Leahy Will Defy Obama to Pursue Bush-Era Torture Inquiry

By Kate Barrett

Apr 22, 2009 11:48am

ABC News’ Z. Byron Wolf reports from Capitol Hill: Sen. Patrick Leahy pledged today that if he cannot get the votes to create a bipartisan commission to investigate U.S. torture policy under former President George W. Bush — and regardless of calls by President Obama that any inquiry be bipartisan — he’ll conduct his own partisan inquiry in the Senate Judiciary Committee.

Leahy’s comments after a press conference on Capitol Hill today exposed a growing rift between Democrats in Congress and the White House on how to seek accountability from Bush-era Justice officials for condoning torture in the aftermath of 9/11.

President Obama is dancing around the issue, not condoning an inquiry into the terror policies, but requesting that if such an inquiry took place it should be bipartisan.

Obama said Tuesday that he’d like for Congress to "examine ways that it can be done in a bipartisan fashion, outside of the typical hearing process that can sometimes break down and break it entirely along party lines."

"I’m not suggesting that that should be done, but I’m saying, if you’ve got a choice, I think it’s very important for the American people to feel as if this is not being dealt with to provide one side or another political advantage but rather is being done in order to learn some lessons so that we move forward in an effective way," Obama said.

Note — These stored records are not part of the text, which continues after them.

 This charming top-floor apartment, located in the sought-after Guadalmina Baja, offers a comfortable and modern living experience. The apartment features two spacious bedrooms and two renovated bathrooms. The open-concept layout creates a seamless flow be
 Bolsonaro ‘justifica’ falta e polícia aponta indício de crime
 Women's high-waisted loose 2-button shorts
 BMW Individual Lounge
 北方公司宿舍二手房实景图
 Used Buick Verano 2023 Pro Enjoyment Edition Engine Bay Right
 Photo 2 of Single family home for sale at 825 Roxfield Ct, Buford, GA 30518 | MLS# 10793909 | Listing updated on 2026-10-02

But a bipartisan commission needs support from both parties. And Republicans do not seem inclined to offer theirs any time soon.

Today, Leahy said if he cannot get votes from Republicans for a bipartisan commission, he’ll hold his inquiry in just the "normal hearing process" that Obama warned against.

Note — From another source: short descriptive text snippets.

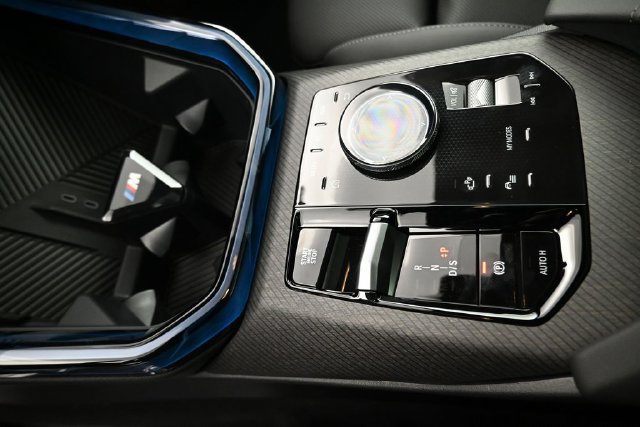 New 2026 BMW X3 xDrive30i w/ Premium Package AWD/4WD image 13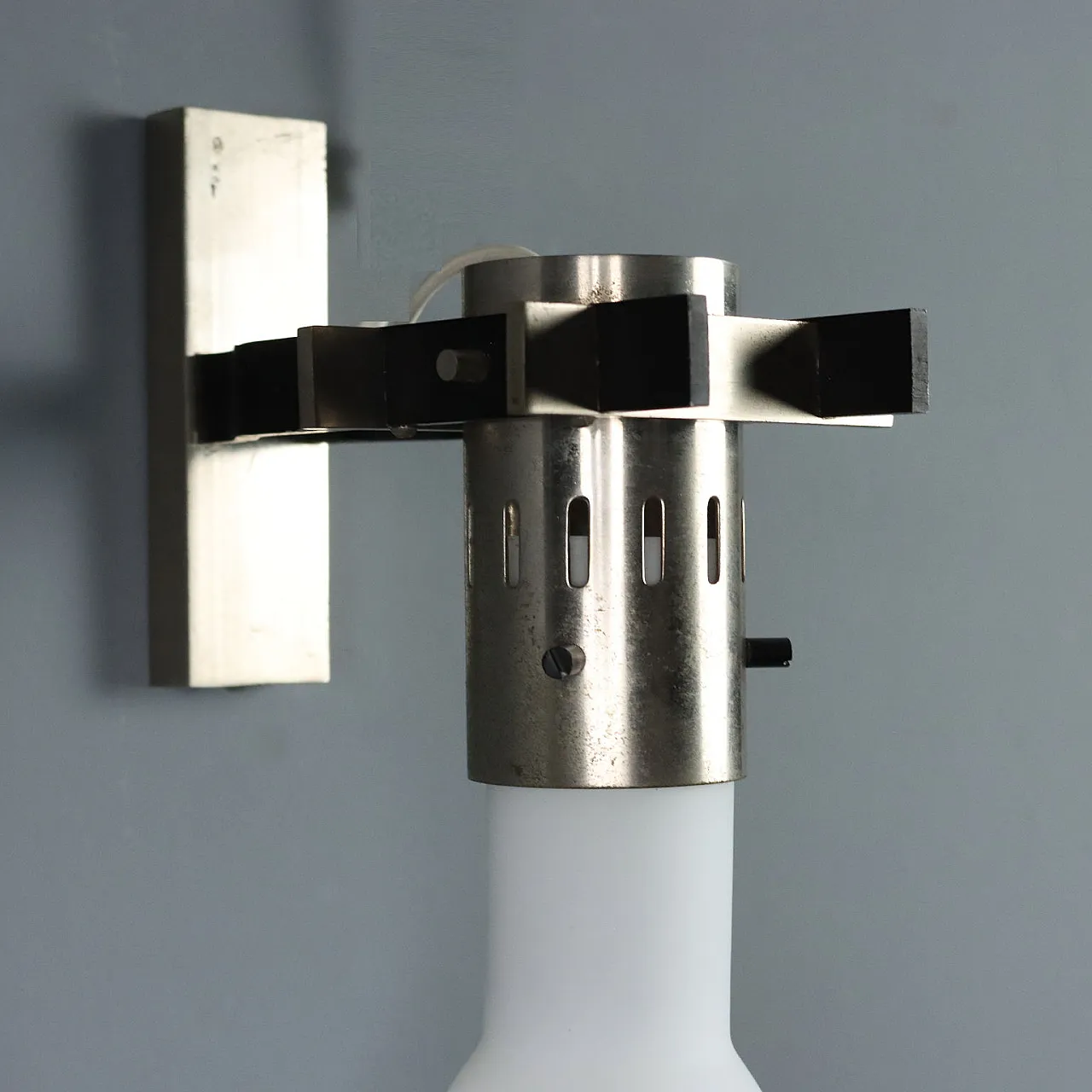 Lampada da parete in metallo laccato e vetro, anni '60 6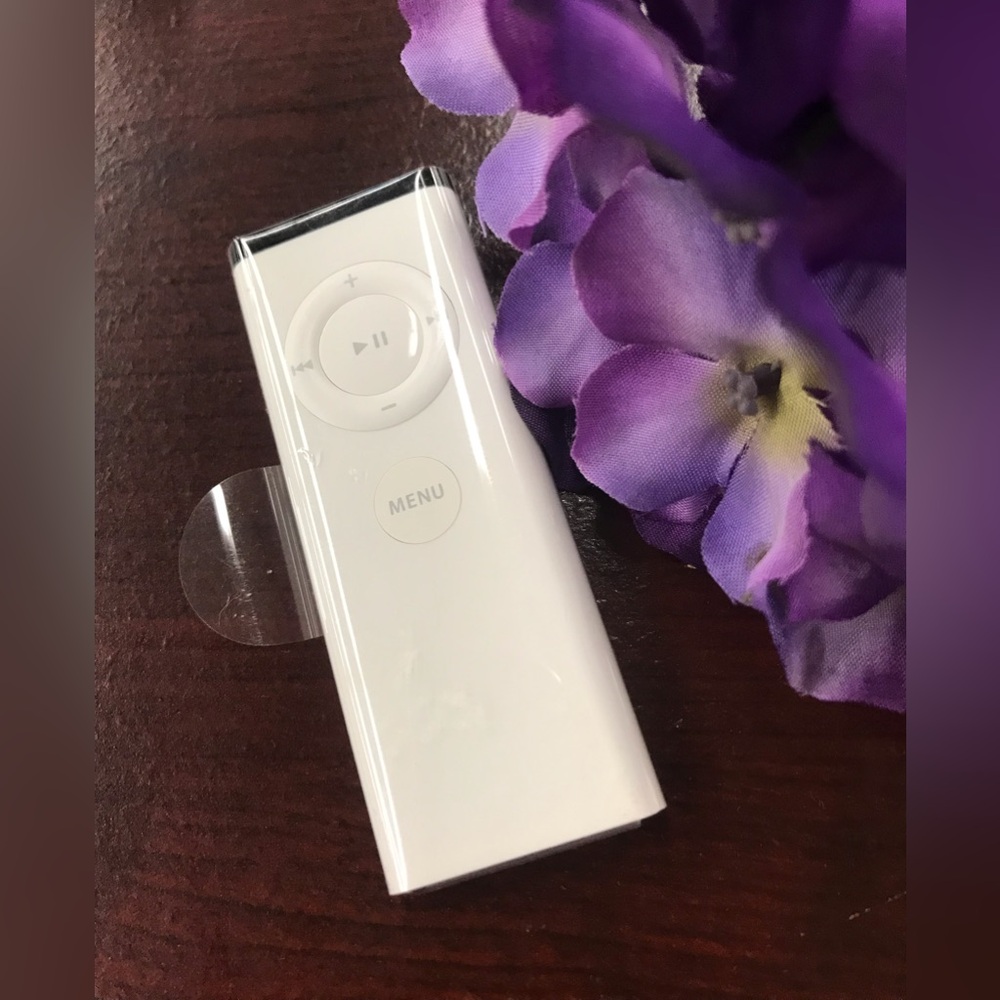 Brand new.Genuine Apple A1156 Remote Control For Apple Tv Macbook Imac Mac Pro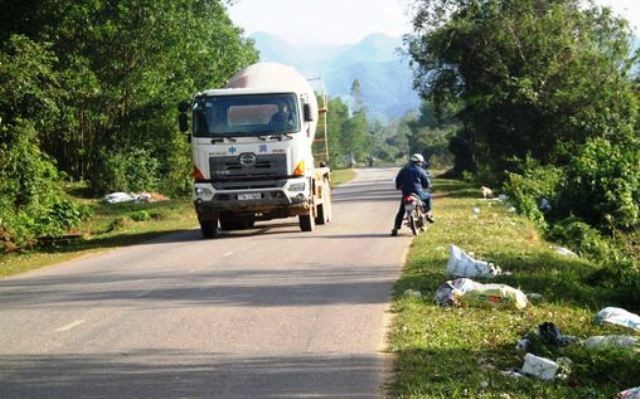 Rải đơn vu chủ tịch xã làm nhân viên có bầu! - ảnh 1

Leahy called a hearing of the Judiciary Committee in March to explore how to form a special commission to investigate torture policy under President Bush. Back then, President Obama seemed opposed to the commission. Obama said at the time he was more interested in looking forward.

But there has been renewed scrutiny of potential wrongdoing surrounding interrogation policy since the Obama administration released memos drafted by the Justice Department under President Bush that seem to condone and justify torture. That has prompted Obama to sound more open to the commission and Leahy to sound more determined to hold an inquiry, bipartisan or not.